Most likely constructed during World War I1, after the Presque Isle Airport and surrounding property was appropriated by the federal government in 1941, the buildings are each one-story structures resting perpendicular to each other. Their purpose prior to the existence of the College is unknown, and the College does not have original building records.
NMCC campus occupies a property with a rich history, as the Presque Isle Air Base offered the location geographically closest to the European theater during World War II. Northern Maine soil is the first soil soldiers would touch if returning by aircraft from Europe. After these two buildings are removed, the only remaining original structure belonging to the College will be the church in the southwest corner, which is occupied by Homeless Services of Aroostook.
A portion of NMCC’s Christie Complex serves as a museum dedicated to the campus’s military past, highlighting the history through photographs of WWII Army soldiers, fighter planes, nurses, and the SNARK missile, which was designed during the Cold War to carry a warhead up to 6,300 miles and pose a nuclear threat and deterrent to the Soviet Union. Additionally, the current Presque Isle International Airport houses the interactive Presque Isle Air Museum, a non-profit dedicated to raising awareness around the region’s rich history.
The buildings are currently not being used by the College, and each would require extensive repairs in order to be safe for use. After they are removed, the College will convert the underlying property to a green space with grass and landscaping.
Since NMCC’s founding in 1961, grants and fundraising have allowed the property to evolve from a military base comprising mostly of barracks and administrative buildings, to a dynamic learning environment offering some of the finest facilities in the state. This summer, the Reed Dining Commons is undergoing a complete renovation to provide new kitchen and dining services for students, as well as a community kitchen available to educate community members how to prepare healthy meals on a budget.
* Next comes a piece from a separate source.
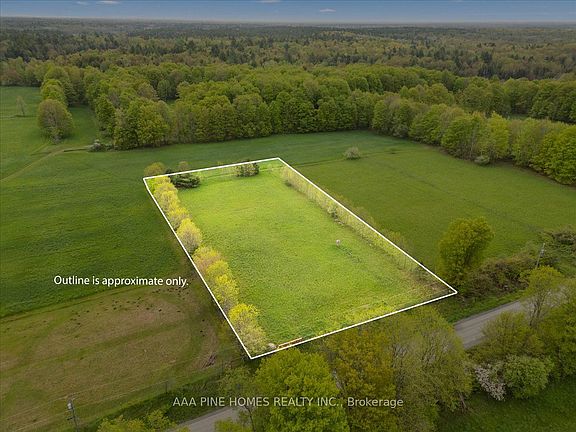 4th image of 328 Rockies Rd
“While we’re always embracing change and looking to improve campus for our students, we also appreciate the distinct history of our property, and the role it has played in the fabric of our nation’s history. We hope anyone interested in learning more will stop by one day to explore our museum, or to visit the Presque Isle Air Museum just next door at the airport,” said Dr. Dottie Martin, Dean of Development and College Relations at NMCC.